WHAT TO WORK ON: Range to output from the entries below: the line containing "Carabao Cup: West" through the line containing "USA Luxury Black". Set it down exactly, ends included, nothing else.

DATA FOR PROCESSING:
*** Block opens ***
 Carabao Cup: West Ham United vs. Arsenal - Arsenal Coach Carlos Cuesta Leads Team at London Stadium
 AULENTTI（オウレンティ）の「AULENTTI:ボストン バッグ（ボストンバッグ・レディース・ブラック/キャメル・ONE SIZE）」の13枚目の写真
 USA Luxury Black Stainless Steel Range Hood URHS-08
*** Block closes ***
*** Block opens ***
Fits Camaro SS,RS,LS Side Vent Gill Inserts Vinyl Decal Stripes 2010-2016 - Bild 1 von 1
*** Block closes ***
EXERCISE RESPONSE:
 Carabao Cup: West Ham United vs. Arsenal - Arsenal Coach Carlos Cuesta Leads Team at London Stadium
 AULENTTI（オウレンティ）の「AULENTTI:ボストン バッグ（ボストンバッグ・レディース・ブラック/キャメル・ONE SIZE）」の13枚目の写真
 USA Luxury Black Stainless Steel Range Hood URHS-08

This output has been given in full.